Dall’Ucraina a Renzi: le trappole in agguato
Sfida improba anche perché all’orizzonte si assiepano trappole e ostacoli non di poco conto. Un esempio di trappola è la questione ucraina. La neosegretaria dovrà essere ben attenta a mantenere la postura filo-atlantista: guai ad ascoltare il richiamo di sirene populiste ammantate di pacifismo, provenienti dai rimasugli di un’epoca morta. Il sostegno all’Ucraina deve essere chiaro, la fedeltà alla Nato risoluta, la condanna del regime di Putin perentoria. Pena, l’impossibilità di governare.
Gli ostacoli che invece si parano davanti alla giovane Elly si manifestano nelle forma più concreta di Matteo Renzi, Carlo Calenda e Giuseppe Conte. Il PD si trova nella scomoda posizione di essere sotto pressione su più fronti. Dal centro la nuova segreteria viene indicata come estremista e non è un caso che Carlo Calenda e Matteo Renzi si siano affrettati a dichiarare di volere fondare un nuovo partito subito dopo la vittoria della Schlein, sperando di raccogliere i moderati che potrebbero soffrire le posizioni della nuova segretaria. A sinistra, il Partito Democratico dovrà fare i conti con il M5S decidendo sin da subito se un’eventuale alleanza con i grillini sia volta a costruire una coalizione stabile di centrosinistra o, auspicio felice, a fagocitare il movimento di Grillo riassorbendo e riportando a casa gli elettori perduti.
Infine, il compito più complesso, Elly Schlein dovrà assumersi l’onere di sfidare Giorgia Meloni e un centrodestra in continua ascesa. Nel farlo, la segretaria dovrà stare ben attenta a non cadere in un’altra trappola, quella della retorica dell’antifascismo. Giorgia Meloni in questi primi mesi di governo si è mossa con la cautela di una lince: nessuna dichiarazione fuori posto, un continuo e paziente lavorio per accreditarsi come affidabile interlocutore sui tavoli internazionali. Su tutti i temi più spinosi di politica interna ha mandato a schiantare alleati, ministri e scherani, cercando di non restare invischiata nelle polemiche. Difficile quindi che la retorica dell’estremismo di destra possa fare presa.

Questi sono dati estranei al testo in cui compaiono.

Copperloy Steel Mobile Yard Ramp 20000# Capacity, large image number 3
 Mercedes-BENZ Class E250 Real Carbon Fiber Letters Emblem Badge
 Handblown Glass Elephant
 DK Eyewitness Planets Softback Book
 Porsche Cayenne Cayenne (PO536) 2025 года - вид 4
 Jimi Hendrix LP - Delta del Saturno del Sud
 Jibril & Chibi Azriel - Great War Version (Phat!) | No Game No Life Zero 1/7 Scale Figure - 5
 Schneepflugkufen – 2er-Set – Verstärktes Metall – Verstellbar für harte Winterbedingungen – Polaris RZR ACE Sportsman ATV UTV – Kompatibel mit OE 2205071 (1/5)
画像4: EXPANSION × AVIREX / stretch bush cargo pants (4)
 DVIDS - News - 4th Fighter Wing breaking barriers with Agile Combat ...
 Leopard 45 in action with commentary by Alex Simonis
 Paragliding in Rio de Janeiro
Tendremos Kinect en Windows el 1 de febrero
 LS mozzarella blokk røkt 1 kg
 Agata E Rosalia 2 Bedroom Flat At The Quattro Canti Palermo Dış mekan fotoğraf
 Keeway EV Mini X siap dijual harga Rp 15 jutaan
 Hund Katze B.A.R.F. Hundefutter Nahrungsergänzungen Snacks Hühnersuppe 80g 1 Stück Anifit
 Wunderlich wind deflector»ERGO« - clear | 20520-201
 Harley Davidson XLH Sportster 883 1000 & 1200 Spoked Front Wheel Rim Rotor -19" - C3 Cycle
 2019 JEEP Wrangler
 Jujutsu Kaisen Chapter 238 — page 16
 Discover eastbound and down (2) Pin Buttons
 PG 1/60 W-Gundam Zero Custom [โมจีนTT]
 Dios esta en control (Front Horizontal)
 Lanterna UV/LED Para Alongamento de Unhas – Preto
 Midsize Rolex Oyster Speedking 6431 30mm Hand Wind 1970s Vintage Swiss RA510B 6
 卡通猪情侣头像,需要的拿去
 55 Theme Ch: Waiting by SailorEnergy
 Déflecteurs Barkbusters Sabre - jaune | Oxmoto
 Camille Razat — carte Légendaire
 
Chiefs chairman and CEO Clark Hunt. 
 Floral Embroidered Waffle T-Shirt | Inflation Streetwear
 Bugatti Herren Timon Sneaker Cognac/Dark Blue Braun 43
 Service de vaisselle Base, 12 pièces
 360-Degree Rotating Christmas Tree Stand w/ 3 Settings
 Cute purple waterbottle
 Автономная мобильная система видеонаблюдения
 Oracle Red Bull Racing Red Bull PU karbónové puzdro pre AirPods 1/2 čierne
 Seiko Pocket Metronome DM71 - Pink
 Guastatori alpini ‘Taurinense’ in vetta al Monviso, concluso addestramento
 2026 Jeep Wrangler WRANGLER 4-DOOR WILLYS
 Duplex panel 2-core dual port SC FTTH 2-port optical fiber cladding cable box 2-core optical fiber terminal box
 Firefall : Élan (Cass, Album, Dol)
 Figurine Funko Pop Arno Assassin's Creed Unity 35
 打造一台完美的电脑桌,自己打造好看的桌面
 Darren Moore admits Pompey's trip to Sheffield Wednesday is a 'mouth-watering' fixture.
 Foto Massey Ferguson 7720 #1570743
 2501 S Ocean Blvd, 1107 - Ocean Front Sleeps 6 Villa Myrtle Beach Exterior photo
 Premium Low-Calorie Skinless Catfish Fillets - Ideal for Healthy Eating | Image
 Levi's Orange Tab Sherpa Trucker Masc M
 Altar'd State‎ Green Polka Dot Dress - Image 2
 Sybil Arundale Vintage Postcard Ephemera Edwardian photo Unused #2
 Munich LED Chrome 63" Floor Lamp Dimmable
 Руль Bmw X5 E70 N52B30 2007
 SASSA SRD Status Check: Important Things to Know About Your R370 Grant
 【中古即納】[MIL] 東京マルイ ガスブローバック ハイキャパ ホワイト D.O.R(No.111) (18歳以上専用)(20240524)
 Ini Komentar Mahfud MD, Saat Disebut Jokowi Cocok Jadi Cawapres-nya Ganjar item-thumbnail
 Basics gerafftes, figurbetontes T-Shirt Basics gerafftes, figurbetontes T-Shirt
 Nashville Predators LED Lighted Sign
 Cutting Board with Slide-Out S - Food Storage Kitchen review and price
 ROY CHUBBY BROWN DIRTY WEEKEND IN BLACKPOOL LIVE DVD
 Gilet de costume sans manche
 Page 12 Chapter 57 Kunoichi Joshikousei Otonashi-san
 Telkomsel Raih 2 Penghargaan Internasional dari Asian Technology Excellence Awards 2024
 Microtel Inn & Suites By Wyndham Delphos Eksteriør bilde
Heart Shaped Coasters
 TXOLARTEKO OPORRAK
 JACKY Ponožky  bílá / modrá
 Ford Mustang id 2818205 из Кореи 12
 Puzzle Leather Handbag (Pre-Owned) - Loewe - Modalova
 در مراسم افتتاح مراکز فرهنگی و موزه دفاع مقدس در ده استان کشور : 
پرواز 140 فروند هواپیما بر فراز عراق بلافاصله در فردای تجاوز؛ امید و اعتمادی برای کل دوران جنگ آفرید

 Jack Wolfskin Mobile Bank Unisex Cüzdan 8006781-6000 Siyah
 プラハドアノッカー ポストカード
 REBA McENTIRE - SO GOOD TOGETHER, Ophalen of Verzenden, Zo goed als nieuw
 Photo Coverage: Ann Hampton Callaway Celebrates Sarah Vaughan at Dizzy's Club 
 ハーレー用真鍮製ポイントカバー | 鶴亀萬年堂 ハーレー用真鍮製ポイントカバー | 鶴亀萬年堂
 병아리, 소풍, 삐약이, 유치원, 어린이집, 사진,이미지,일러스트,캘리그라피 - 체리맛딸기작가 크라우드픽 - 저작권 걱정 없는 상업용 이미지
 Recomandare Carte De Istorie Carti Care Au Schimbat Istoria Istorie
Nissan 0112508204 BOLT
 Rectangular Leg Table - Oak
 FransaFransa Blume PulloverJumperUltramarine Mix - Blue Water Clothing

Ma in Giorgia Meloni, paradossalmente, Elly Schlein può vedere un modello. Anche la Meloni era accreditata come estremista ma ha fatto di questo la sua forza politica, trasformando la radicalità delle proprie idee in esempio di coerenza. Quando era all’opposizione del governo Draghi, la Meloni non ha esitato a votare i decreti di aiuti militari all’Ucraina proposti dal Governo, preferendo la chiarezza delle proprie idee ad un’opposizione preconcetta. La neosegretaria potrebbe fare la stessa cosa, imbastendo una linea politica dura e coerente senza però sfociare in polemiche pregiudizievoli che ne minerebbero la credibilità.
La vittoria di Elly Schlein non è una rivoluzione. Lo sarà se la neosegretaria saprà ben interpretare il compito per cui è stata eletta: far riemergere la vocazione sociale e di sinistra del PD senza però stravolgerne la natura. Alchimia complessa e pericolosa, il rischio di deflagrazione è alto. Indipendentemente da come la si pensa, ci si deve augurare che la giovane Elly riesca, così da poter tornare, in Italia, ad una contrapposizione politica sana, fondata sul confronto tra due idee chiare e distinte di società piuttosto che sull’accastellarsi di ombre e chiaroscuri che rendono di difficile comprensione l’agone politico e allontanano gli elettori dalle Istituzioni. E questa sì che sarebbe una rivoluzione.